◆ The records
○ ○ ○ ○ ○

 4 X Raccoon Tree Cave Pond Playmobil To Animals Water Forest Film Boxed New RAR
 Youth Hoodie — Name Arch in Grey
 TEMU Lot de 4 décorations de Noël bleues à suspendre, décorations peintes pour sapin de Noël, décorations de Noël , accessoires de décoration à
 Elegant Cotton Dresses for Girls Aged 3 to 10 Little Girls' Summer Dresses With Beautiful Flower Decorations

○ ○ ○ ○ ○

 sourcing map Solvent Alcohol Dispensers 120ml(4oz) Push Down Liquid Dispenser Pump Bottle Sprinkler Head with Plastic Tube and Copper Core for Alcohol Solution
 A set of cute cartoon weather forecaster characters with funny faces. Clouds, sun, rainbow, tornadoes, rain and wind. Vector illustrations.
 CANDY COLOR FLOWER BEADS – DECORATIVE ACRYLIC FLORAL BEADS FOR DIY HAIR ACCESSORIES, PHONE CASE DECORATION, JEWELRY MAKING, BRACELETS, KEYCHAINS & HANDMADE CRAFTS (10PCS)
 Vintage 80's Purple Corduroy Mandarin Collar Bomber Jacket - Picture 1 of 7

○ ○ ○ ○ ○

◆ About this task
Out of the material above, output word for word the line with "TEMU Lot de", the line with "Elegant Cotton Dresses", and all lines between them, with nothing else.

◆ Solution below
 TEMU Lot de 4 décorations de Noël bleues à suspendre, décorations peintes pour sapin de Noël, décorations de Noël , accessoires de décoration à
 Elegant Cotton Dresses for Girls Aged 3 to 10 Little Girls' Summer Dresses With Beautiful Flower Decorations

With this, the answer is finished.